*** Block opens ***

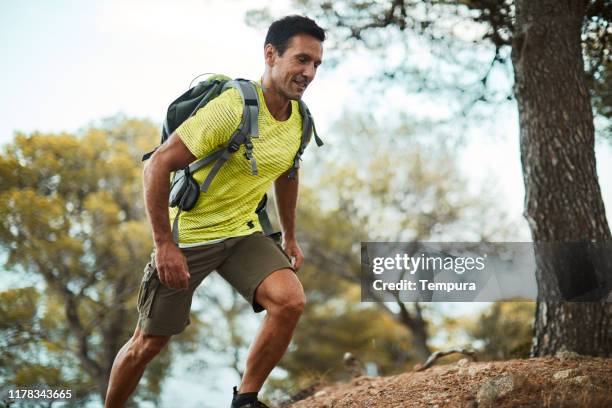 hombre adulto medio corriendo a través del país. - cross country running fotografías e imágenes de stock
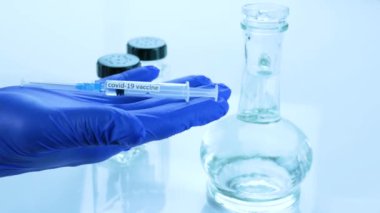Coronavirus enfeksiyonuna karşı bir aşı, bir doktorun elinde, ilaç gösterimi, yakın plan, aşı geliştirme laboratuarı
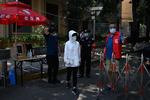 En kvinde, der bærer mundbind, passerer en sikkerhedsvagt, der tjekker folks temperatur ved indgangen til et beboelsesområde i Beijing. Byen har haft en opblussen af coronavirus. Forskere mener, det er medbragt fra Europa.  Foto: Wang Zhao/Ritzau Scanpix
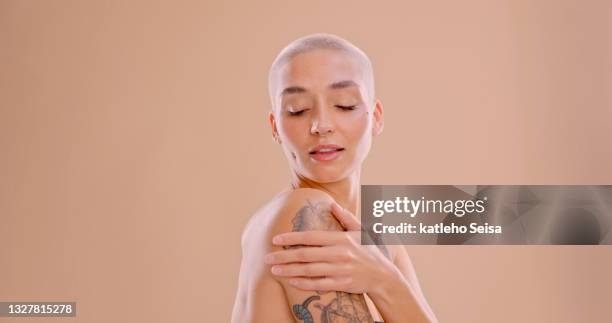 toma de estudio de una hermosa mujer joven de pie sobre un fondo de melocotón - tattoo fotografías e imágenes de stock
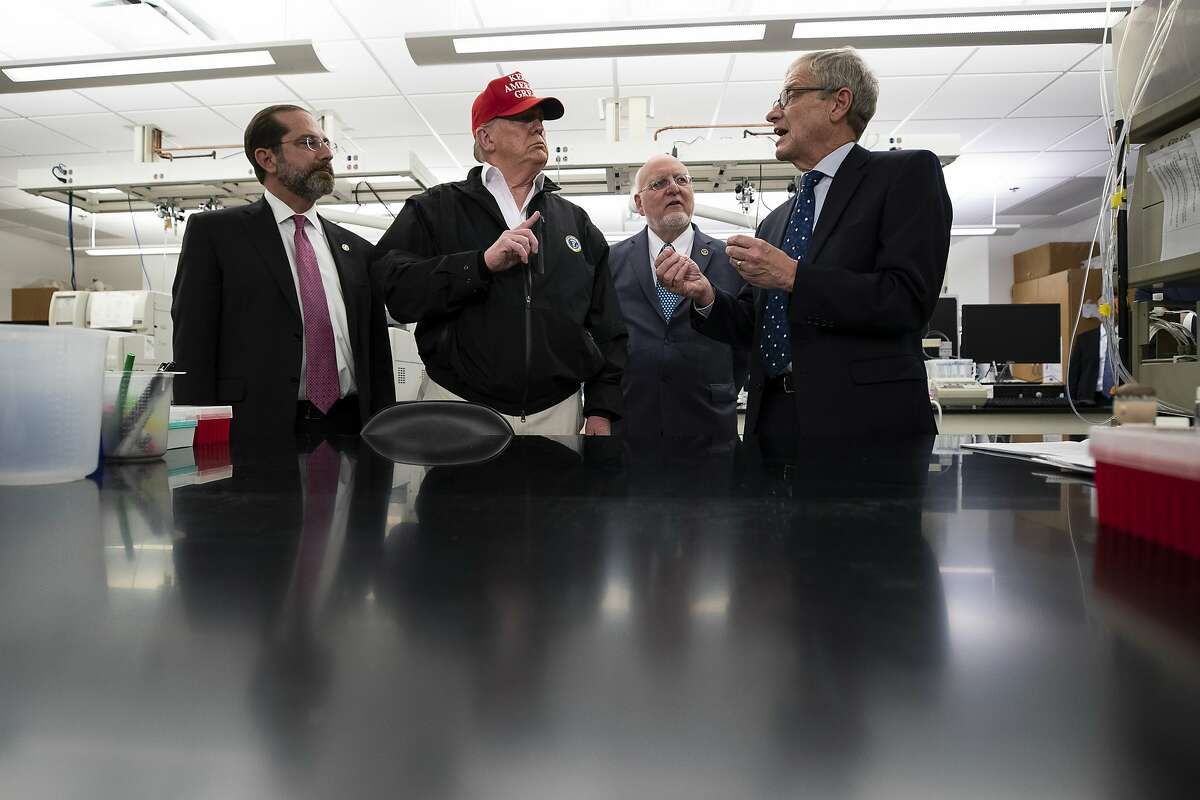 President Donald Trump speaks during a meeting with Health and Human Services Secretary Alex Azar, left, Centers for Disease Control and Prevention Director Robert Redfield, and Associate Director for Laboratory Science and Safety Steve Monroe, about the coronavirus at the Centers for Disease Control and Prevention, Friday, March 6, 2020 in Atlanta. (AP Photo/Alex Brandon)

*** Block closes ***

> _What is expected_
Line for line, retype the material exactly, omitting any pictures.

> _Answer below_
 hombre adulto medio corriendo a través del país. - cross country running fotografías e imágenes de stock
Coronavirus enfeksiyonuna karşı bir aşı, bir doktorun elinde, ilaç gösterimi, yakın plan, aşı geliştirme laboratuarı
 En kvinde, der bærer mundbind, passerer en sikkerhedsvagt, der tjekker folks temperatur ved indgangen til et beboelsesområde i Beijing. Byen har haft en opblussen af coronavirus. Forskere mener, det er medbragt fra Europa.  Foto: Wang Zhao/Ritzau Scanpix
 toma de estudio de una hermosa mujer joven de pie sobre un fondo de melocotón - tattoo fotografías e imágenes de stock
 President Donald Trump speaks during a meeting with Health and Human Services Secretary Alex Azar, left, Centers for Disease Control and Prevention Director Robert Redfield, and Associate Director for Laboratory Science and Safety Steve Monroe, about the coronavirus at the Centers for Disease Control and Prevention, Friday, March 6, 2020 in Atlanta. (AP Photo/Alex Brandon)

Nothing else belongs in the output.